Im Auftrag des Handels

Tatra 87 von Hanzelka und Zikmund  (Foto: Kristýna Maková,  Archiv des Tschechischen Rundfunks - Radio Prag)
Am 22. April 1947 brechen Jiří Hanzelka und Miroslav Zikmund auf. Anders als ihre Kommilitonen ist es aber nicht nur eine Reise in ein oder zwei Länder, sondern sie wollen durch Afrika sowie Süd-, Mittel- und Nordamerika. Und zwar per Auto, mit einem Tatra 87. Dabei geht es ihnen nicht nur um exotische Erlebnisse, sondern auch um höhere Ziele, wie Zikmund einmal erläutert hat:

„Man darf nicht vergessen, dass wir zwei Jahre nach Ende des Kriegs losgefahren sind. Damals waren alle Beziehungen zwischen den Ländern zerstört. Als junge Außenhandelsingenieure wollten wir dazu beitragen, die Kontakte wieder zu normalisieren. Im eigentlichen Sinn des Wortes haben wir Werbung gemacht für den Tatra 87 und für viele weitere Industrieerzeugnisse aus der Tschechoslowakei. Zudem hatten wir aber auch die Ambitionen zu schreiben.“

Miroslav Zikmund auf der Spitze der Cheops-Pyramide  (Foto: Jiří Hanzelka,  Archiv des Museums des südöstlichen Mährens in Zlín)
Die Strecke führt zunächst von Marokko nach Osten. Dabei sorgt ihr futuristisch aussehender Wagen für Menschenaufläufe.
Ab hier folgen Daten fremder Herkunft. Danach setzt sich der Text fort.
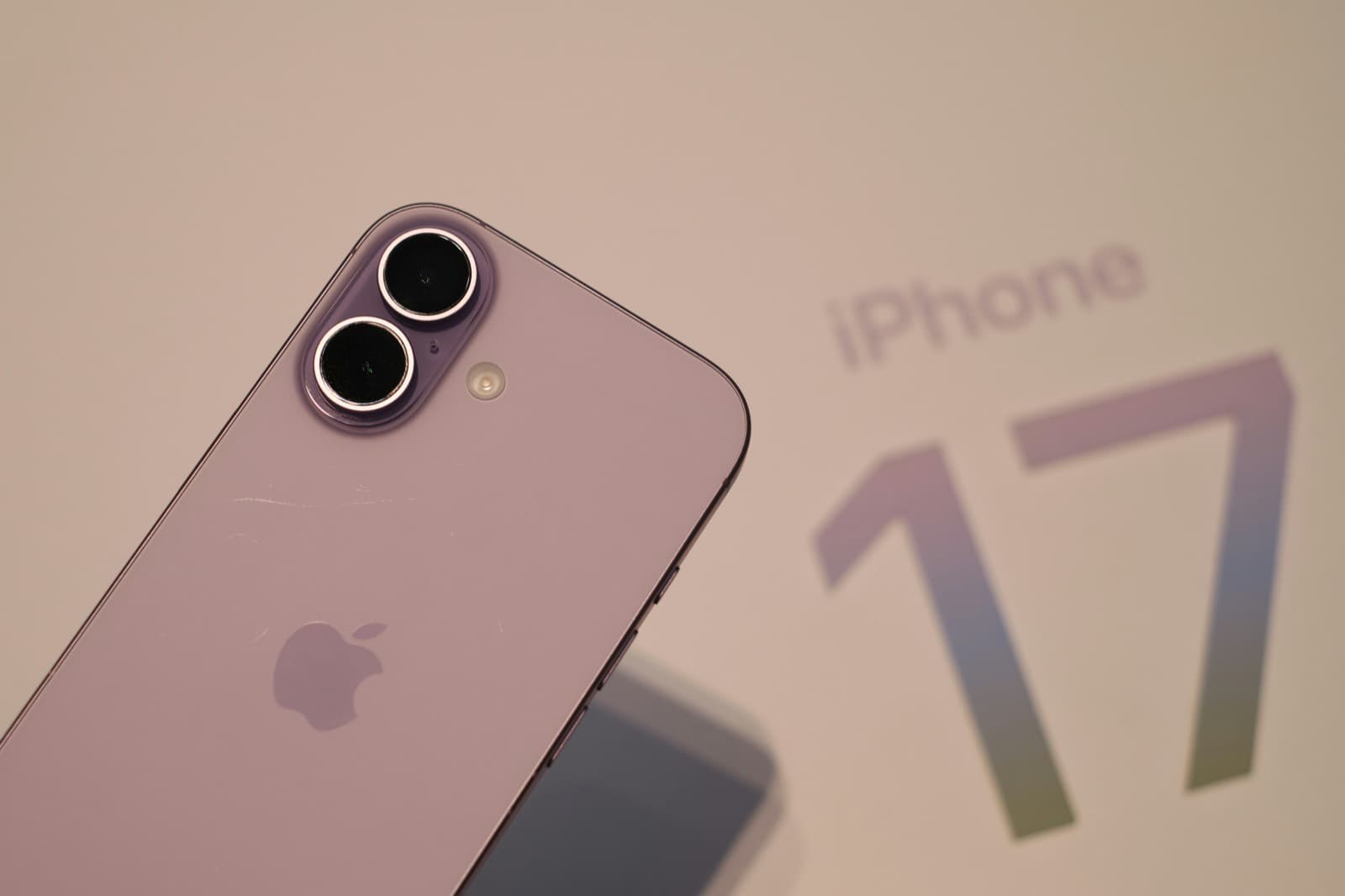 Apple iPhone — Ocean Gold Duty Free, Fujairah
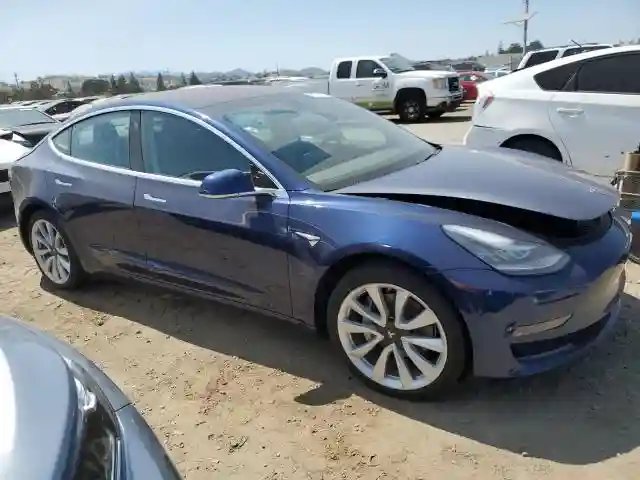5YJ3E1EA3JF046947 2018 TESLA MODEL 3-3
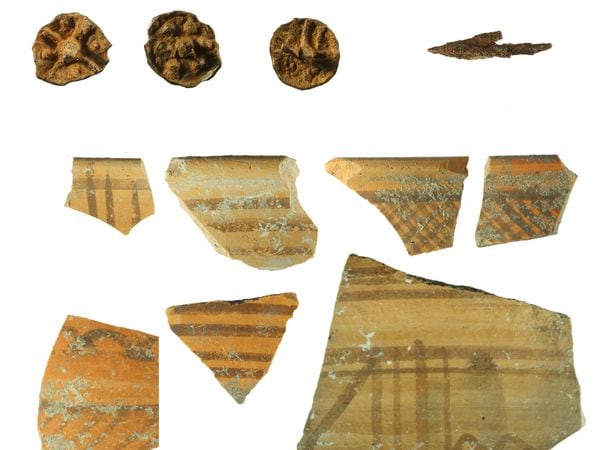 Tachuelas, puntas de flecha y diverso material cerámico hallado en el yacimiento de Sasamón y Olmillos.
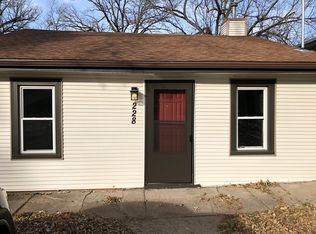 228 E Pleasant View Dr, Des Moines, IA 50315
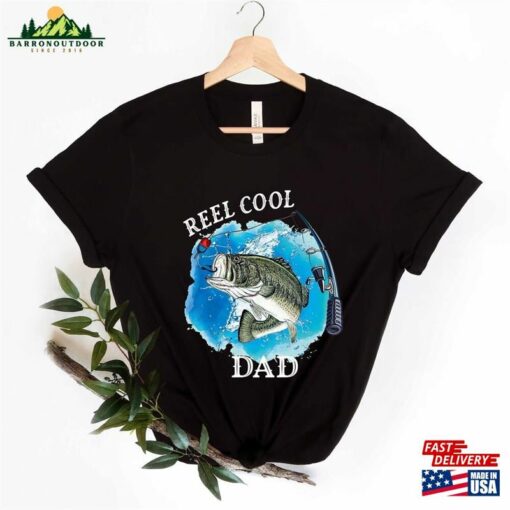 Reel Cool Dad Fishing T-Shirt Funny Father Shirt Gift For Papa Daddy Grandpa Sweatshirt Classic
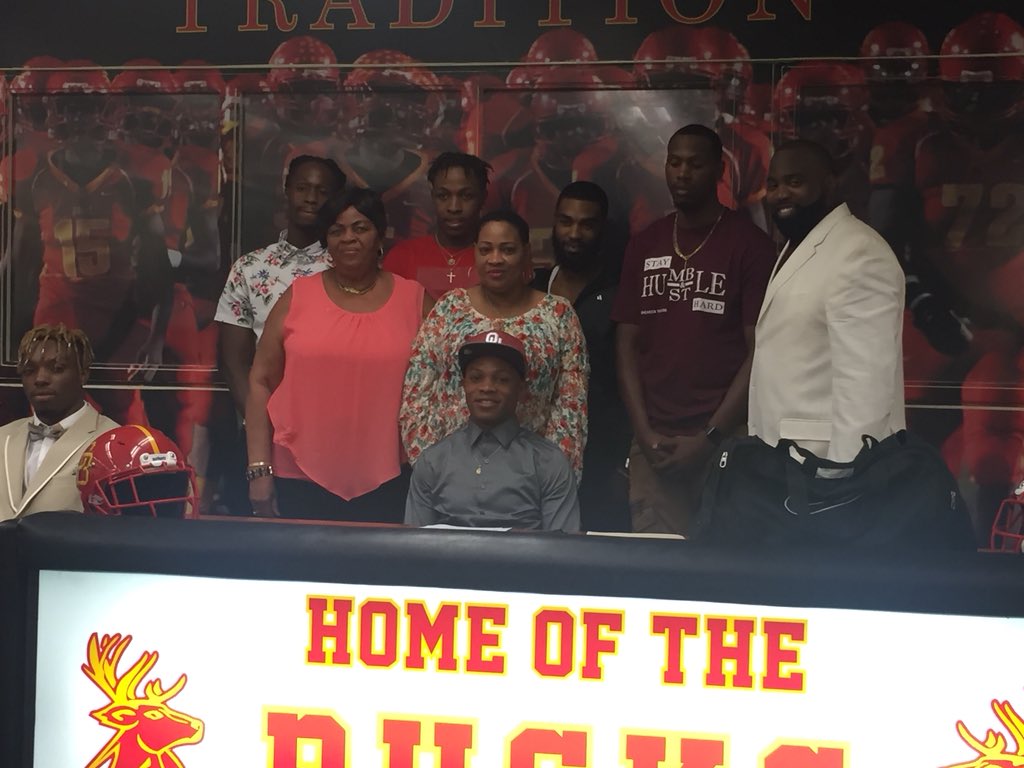 DavidFurones_'s tweet photo. Deerfield Beach CB Miguel Edwards 
@M7era_ in his Oklahoma hat. #boomer #boomersooner https://t.co/HZDST57Z21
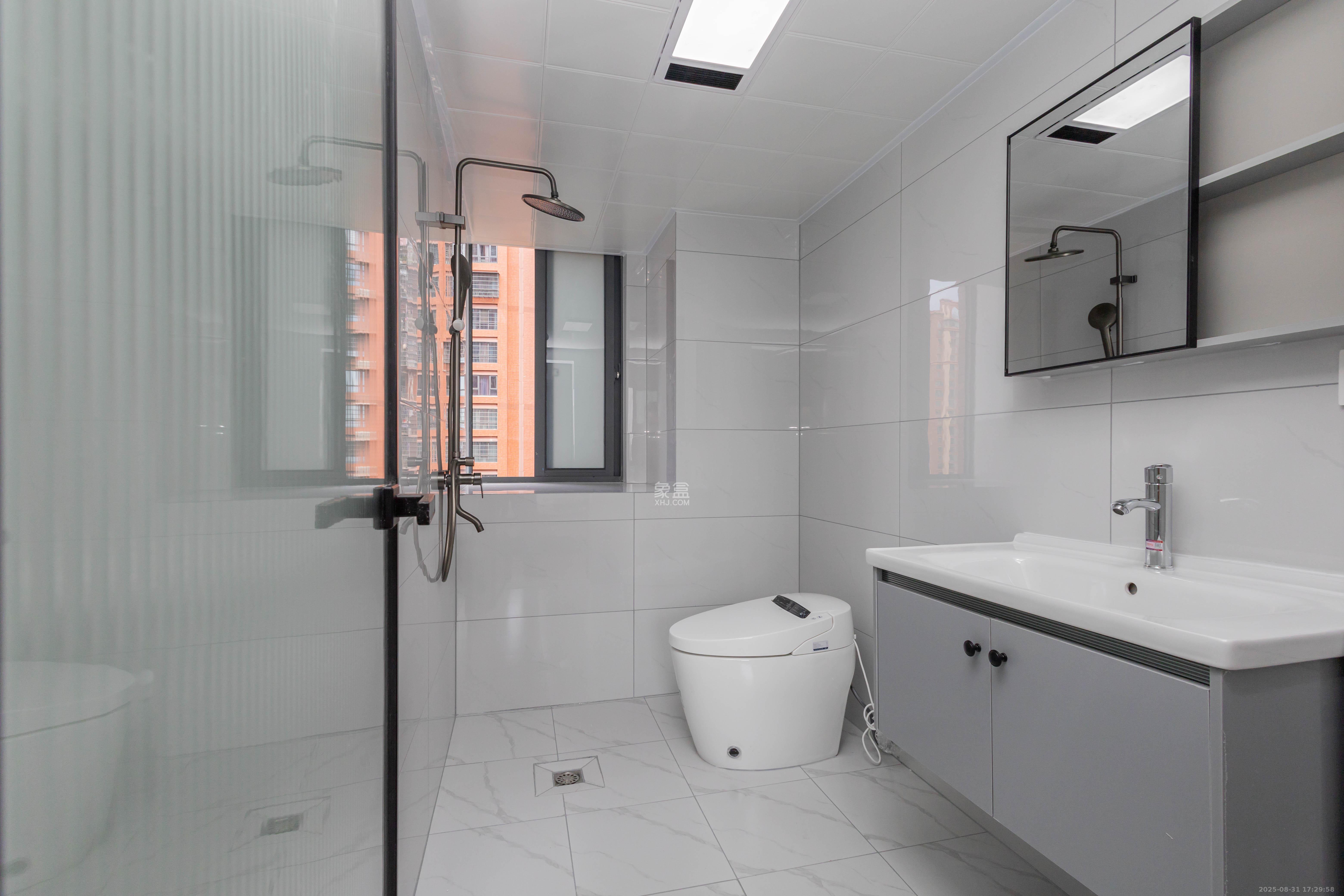 海德公园  4室2厅2卫    86.8万 海德公园  4室2厅2卫    86.8万卫生间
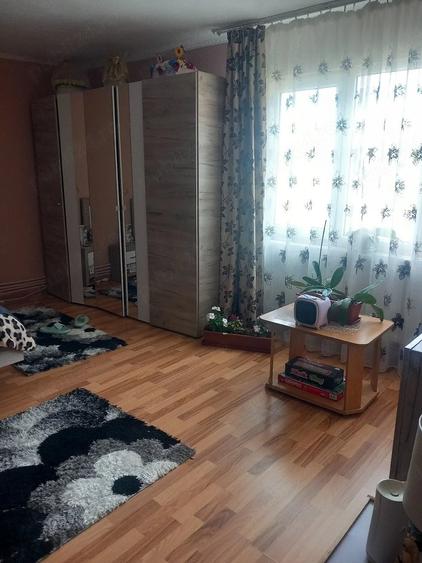 Casă cu 5 camere cu Teren 1200 Mp în Monariu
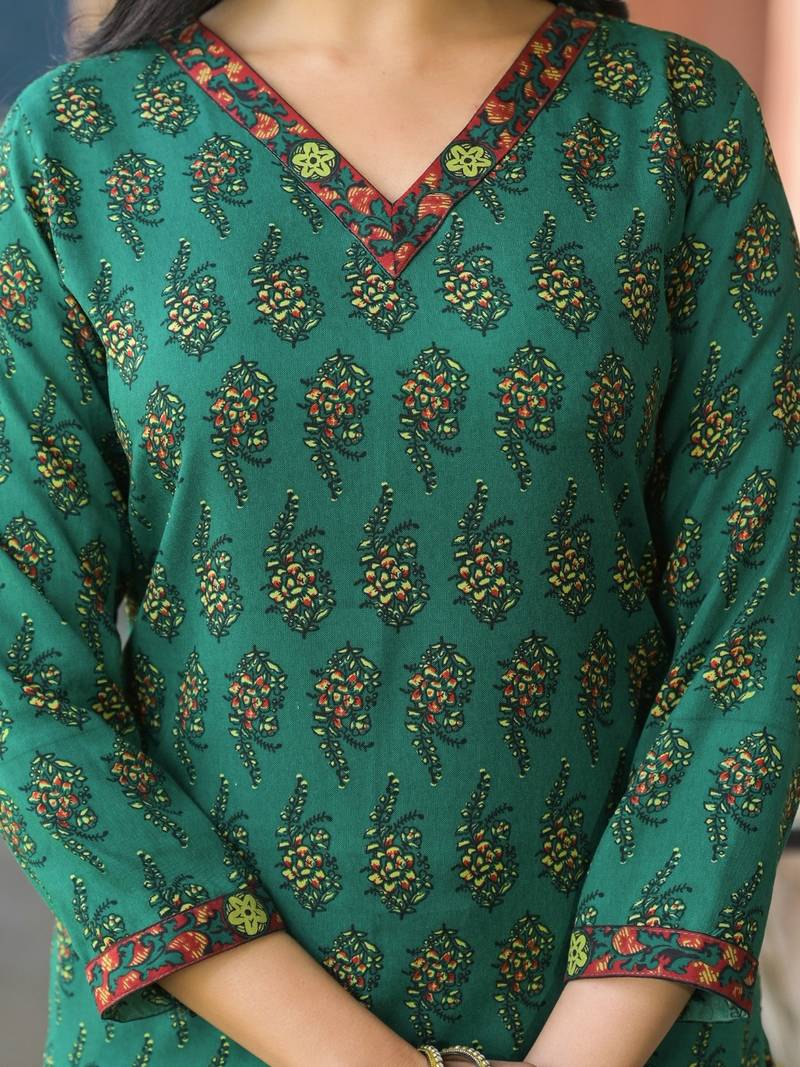 women green viscose rayon floral printed straight kurta pant with dupatta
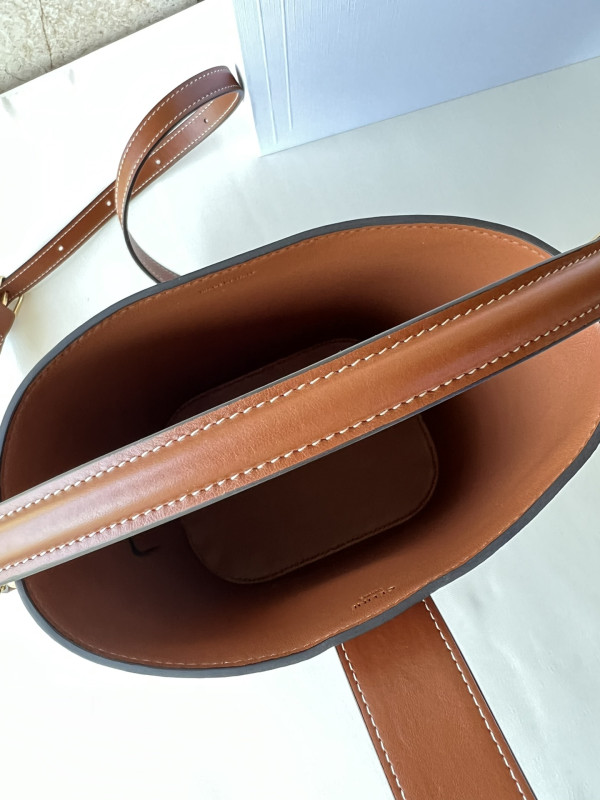 Ce**e small bucket l0*ise in smooth calfskin - 16-19-12cm
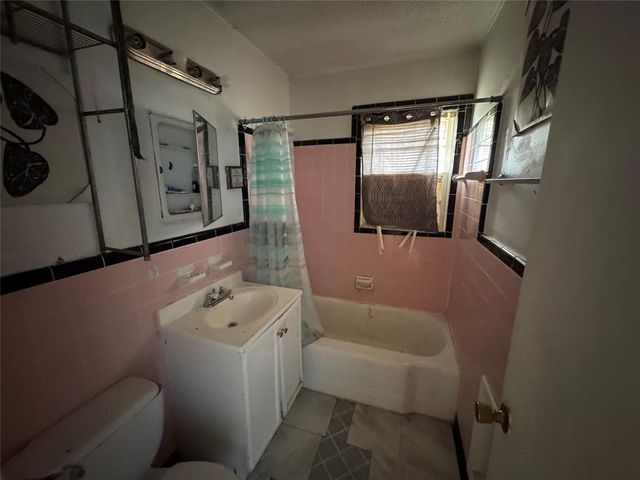 2610 NW Wesley Avenue, Lawton, OK 73505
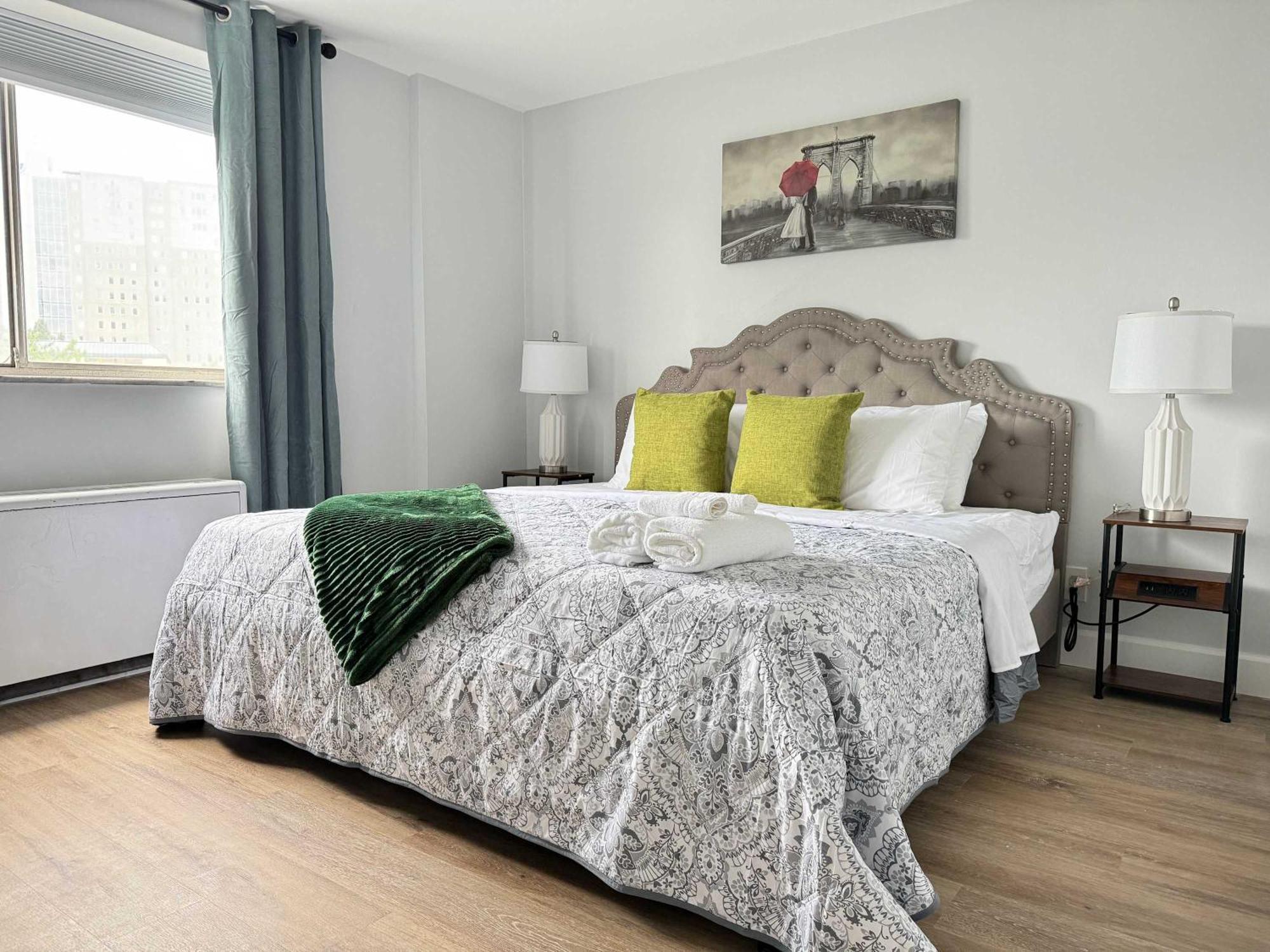 Hébergement de vacances View Newly Renovated 5 Beds With Free Parking Lm406 *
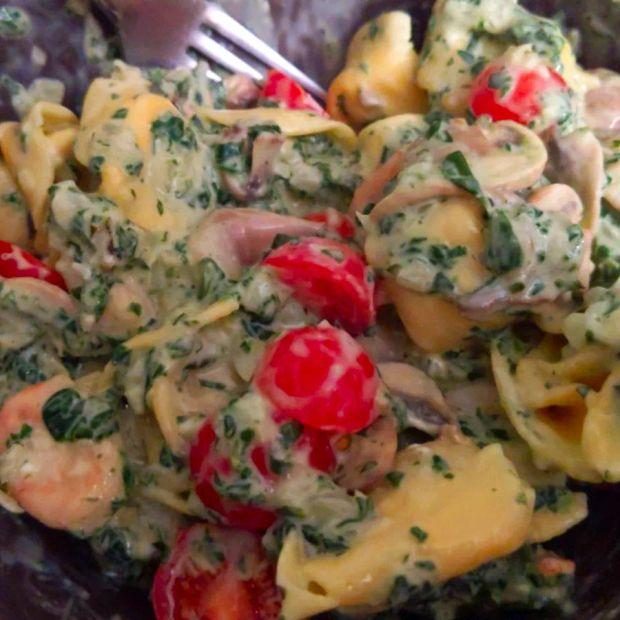 Cover Image for Creamy Spinach and Tortellini Delight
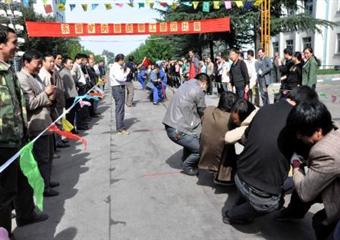 東坡礦舉辦拔河比賽迎國慶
In ihrem Buch „Mit dem Tatra durch Afrika“ haben H+Z, so ihr Kürzel, das ausführlich beschrieben:

„Gleich in Casablanca begann das Problem. Dort hatten wir unser Auto auf dem Hauptplatz geparkt, ohne die Handbremse angezogen zu haben. Als wir nach einer halben Stunde zurückkamen, fanden wir den Wagen zehn Meter weiter, umringt von einer Menschenmenge. Der Volksmund in Afrika hat unserem Tatra unzählige Namen gegeben: fliegender Wagen, U-Boot, Flugzeug ohne Flügel, Amphibienfahrzeug oder Rennauto. Ein Fährmann weigerte sich entschlossen, uns überzusetzen. Unser Fahrzeug sei schließlich ein U-Boot, erklärte er.“

In Gizeh in Ägypten bestaunen sie die Pyramiden. Das war ein besonders mitreißender Moment, wie sich Miroslav Zikmund immer wieder gerne zurückerinnert:

„Die Spitze der Cheops-Pyramide liegt 138 Meter oberhalb des Nilufers. Dort oben haben Jiří und ich sogar übernachtet. Damals war das noch möglich, heute ist das streng verboten. Wir haben unsere Schlafsäcke genommen und sind die riesigen Quader hinaufgeklettert. Es war ein unvergessliches Erlebnis, als am Morgen weit unter uns die Sonne praktisch aus dem Nil aufgegangen ist.“

Auf der Spitze der Cheops-Pyramide

In Afrika  (Foto: Archiv des Museums des südöstlichen Mährens in Zlín)
Von Ägypten führt die Reise zunächst den Nil entlang, immer weiter in den Süden. Sie besteigen den Kilimandscharo, kommen an den Viktoriafällen vorbei und nehmen in Kapstadt dann das Schiff hinüber nach Argentinien. Weiter geht es durch Brasilien, Peru und ganz Mittelamerika bis zur Grenze zu den USA. Dort ist allerdings Schluss, der Kalte Krieg bremst die Abenteurer aus. Da in der Tschechoslowakei in der Zwischenzeit die Kommunisten das Ruder übernommen haben, verweigert Washington die Visa.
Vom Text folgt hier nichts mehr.